:: Assigned task ::
Where the line containing "2005 ACURA TL 19UUA66225A006069 Photo 6" appears below, begin there and reproduce each line exactly through the last one, omitting pictures.

Segment Open

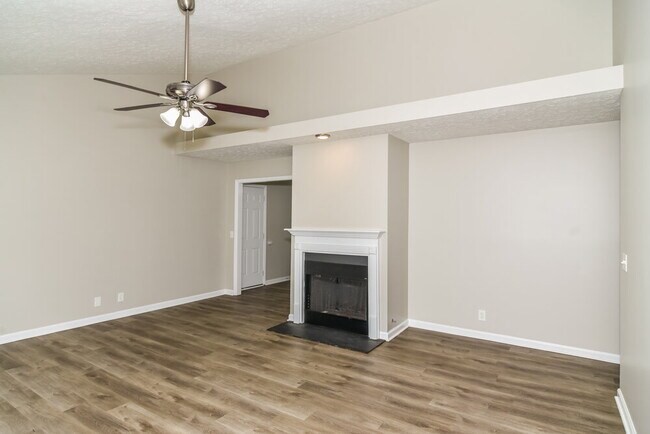 Foto del edificio - 4560 Whites Creek Pike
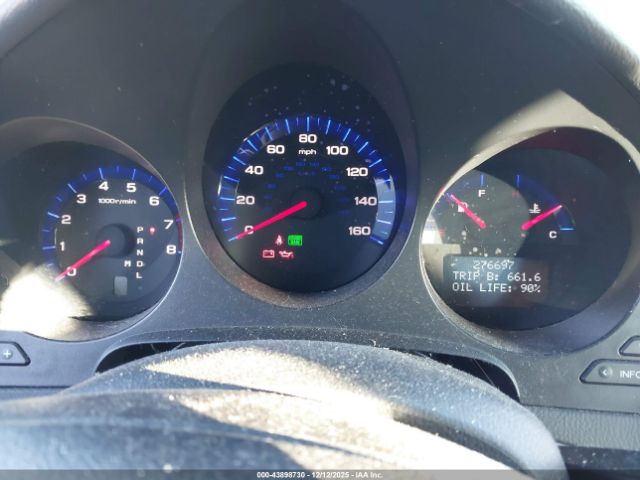 2005 ACURA TL 19UUA66225A006069 Photo 6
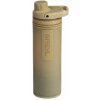 Grayl UltraPress Purifier 0,5l Desert Tan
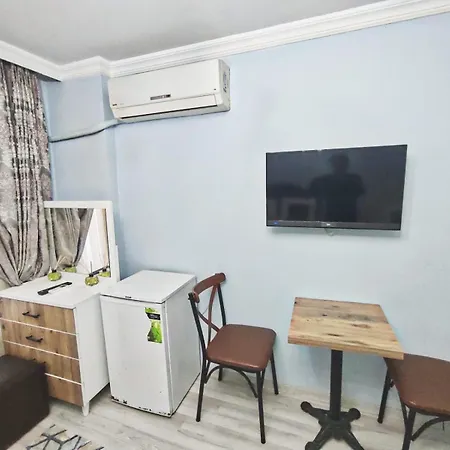 Apart Otel Taksim Rose
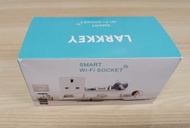 Larkkey Smart Wifi Socket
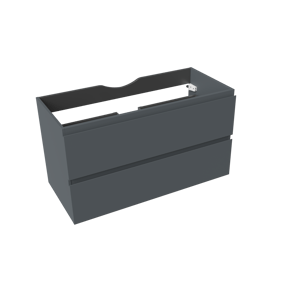 Linie Lado Waschbeckenunterschrank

Segment Closed

:: The answer ::
 2005 ACURA TL 19UUA66225A006069 Photo 6
 Grayl UltraPress Purifier 0,5l Desert Tan
 Apart Otel Taksim Rose
 Larkkey Smart Wifi Socket
 Linie Lado Waschbeckenunterschrank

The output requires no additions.